Your answer is to be the count alone: the number of lines in the data below where "interior" appears.

### EXTRACTED INFORMATION
..........
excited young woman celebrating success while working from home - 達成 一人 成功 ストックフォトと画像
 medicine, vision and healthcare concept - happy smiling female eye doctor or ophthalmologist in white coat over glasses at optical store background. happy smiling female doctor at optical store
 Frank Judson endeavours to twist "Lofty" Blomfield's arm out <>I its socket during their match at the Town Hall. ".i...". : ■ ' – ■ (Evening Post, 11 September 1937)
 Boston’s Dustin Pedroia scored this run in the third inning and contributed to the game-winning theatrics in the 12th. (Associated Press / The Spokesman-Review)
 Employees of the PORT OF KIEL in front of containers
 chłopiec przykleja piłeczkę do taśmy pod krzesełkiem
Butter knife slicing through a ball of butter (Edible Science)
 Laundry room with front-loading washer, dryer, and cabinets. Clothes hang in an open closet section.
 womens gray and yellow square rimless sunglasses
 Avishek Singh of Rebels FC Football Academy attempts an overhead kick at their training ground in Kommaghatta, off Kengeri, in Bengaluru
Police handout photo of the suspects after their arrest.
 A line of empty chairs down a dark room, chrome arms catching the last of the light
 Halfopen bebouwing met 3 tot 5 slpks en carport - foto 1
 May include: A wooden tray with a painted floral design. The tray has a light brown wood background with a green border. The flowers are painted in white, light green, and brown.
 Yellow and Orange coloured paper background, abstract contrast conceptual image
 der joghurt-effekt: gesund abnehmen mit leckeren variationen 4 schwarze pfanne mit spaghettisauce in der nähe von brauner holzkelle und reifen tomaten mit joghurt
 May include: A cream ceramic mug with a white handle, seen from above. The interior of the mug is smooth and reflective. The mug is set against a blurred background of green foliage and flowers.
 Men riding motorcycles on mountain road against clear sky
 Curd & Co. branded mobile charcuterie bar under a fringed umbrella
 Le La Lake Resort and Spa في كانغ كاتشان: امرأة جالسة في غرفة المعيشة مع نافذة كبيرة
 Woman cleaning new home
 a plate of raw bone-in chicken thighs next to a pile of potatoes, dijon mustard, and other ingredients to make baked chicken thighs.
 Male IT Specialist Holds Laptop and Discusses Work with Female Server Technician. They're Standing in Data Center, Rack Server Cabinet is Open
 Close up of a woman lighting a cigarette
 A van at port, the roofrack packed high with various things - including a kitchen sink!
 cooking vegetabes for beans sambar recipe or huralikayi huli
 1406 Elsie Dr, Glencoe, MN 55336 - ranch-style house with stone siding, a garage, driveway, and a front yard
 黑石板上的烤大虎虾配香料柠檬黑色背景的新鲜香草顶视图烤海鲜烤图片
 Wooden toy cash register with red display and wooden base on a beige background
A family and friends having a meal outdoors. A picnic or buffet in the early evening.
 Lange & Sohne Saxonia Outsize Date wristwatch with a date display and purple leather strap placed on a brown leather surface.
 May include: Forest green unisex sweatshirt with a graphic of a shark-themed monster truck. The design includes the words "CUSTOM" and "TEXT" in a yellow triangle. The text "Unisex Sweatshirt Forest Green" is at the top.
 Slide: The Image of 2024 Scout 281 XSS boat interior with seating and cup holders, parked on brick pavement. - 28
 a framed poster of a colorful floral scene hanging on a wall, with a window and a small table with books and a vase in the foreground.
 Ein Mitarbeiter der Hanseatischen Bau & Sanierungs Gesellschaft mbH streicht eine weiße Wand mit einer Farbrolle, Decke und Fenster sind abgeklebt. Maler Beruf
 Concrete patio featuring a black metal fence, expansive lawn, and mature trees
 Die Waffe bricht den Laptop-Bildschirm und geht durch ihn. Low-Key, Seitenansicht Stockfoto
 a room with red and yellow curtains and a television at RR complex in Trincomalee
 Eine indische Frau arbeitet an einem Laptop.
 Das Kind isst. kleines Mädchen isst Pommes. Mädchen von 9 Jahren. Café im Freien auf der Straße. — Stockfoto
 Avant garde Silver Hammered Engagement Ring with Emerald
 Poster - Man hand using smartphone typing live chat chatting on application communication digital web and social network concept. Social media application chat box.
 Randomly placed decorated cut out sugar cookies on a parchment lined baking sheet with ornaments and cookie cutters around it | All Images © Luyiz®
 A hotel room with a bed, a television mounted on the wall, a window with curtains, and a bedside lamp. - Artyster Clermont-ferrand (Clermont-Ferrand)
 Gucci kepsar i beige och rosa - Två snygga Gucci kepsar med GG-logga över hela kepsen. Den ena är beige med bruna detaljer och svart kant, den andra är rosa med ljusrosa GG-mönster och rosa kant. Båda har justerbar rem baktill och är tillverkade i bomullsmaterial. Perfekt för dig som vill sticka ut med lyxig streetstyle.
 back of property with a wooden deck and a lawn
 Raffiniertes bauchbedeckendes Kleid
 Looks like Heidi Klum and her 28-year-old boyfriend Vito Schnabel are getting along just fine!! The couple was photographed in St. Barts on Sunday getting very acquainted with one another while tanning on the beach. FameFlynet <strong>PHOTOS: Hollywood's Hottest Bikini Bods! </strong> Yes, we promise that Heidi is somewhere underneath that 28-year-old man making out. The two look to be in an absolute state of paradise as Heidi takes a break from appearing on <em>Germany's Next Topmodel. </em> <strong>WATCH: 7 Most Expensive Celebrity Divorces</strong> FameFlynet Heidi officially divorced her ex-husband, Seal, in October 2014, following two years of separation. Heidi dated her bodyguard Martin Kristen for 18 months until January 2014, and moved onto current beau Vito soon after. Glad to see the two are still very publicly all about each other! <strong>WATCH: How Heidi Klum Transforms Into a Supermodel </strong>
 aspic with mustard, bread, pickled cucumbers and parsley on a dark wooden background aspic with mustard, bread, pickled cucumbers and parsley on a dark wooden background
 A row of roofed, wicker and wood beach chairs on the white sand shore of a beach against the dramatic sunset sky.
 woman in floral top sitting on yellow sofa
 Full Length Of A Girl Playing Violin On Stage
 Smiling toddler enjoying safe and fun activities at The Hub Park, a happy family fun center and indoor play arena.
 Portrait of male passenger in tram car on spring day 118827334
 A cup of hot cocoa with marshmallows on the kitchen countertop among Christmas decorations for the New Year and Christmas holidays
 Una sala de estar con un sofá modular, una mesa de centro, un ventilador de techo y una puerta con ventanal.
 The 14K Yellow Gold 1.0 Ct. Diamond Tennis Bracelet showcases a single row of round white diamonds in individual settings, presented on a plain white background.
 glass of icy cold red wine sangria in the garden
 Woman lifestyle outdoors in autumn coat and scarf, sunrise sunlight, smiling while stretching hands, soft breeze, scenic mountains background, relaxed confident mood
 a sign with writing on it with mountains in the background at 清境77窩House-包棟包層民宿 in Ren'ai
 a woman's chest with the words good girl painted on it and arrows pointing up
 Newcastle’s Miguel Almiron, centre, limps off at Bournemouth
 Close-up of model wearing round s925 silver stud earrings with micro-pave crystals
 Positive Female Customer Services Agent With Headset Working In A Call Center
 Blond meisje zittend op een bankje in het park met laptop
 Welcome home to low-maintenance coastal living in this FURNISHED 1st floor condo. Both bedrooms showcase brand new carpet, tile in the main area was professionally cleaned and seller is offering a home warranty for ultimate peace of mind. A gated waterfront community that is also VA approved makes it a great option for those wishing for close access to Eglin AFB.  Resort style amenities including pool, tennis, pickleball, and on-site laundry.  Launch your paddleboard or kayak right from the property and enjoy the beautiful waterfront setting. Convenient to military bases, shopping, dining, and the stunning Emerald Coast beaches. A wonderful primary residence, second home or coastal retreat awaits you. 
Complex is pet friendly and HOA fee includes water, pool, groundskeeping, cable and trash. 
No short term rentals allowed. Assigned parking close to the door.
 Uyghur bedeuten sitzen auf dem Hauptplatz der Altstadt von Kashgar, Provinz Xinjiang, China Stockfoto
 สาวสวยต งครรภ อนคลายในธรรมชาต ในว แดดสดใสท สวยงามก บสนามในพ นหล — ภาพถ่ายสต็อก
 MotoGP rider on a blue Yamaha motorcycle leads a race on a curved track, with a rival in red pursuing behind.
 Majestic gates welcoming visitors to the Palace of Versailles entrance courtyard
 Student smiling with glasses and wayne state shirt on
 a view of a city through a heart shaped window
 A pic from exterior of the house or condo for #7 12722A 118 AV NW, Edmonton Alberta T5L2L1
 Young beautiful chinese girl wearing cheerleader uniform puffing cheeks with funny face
..........
### EXERCISE OUTPUT
2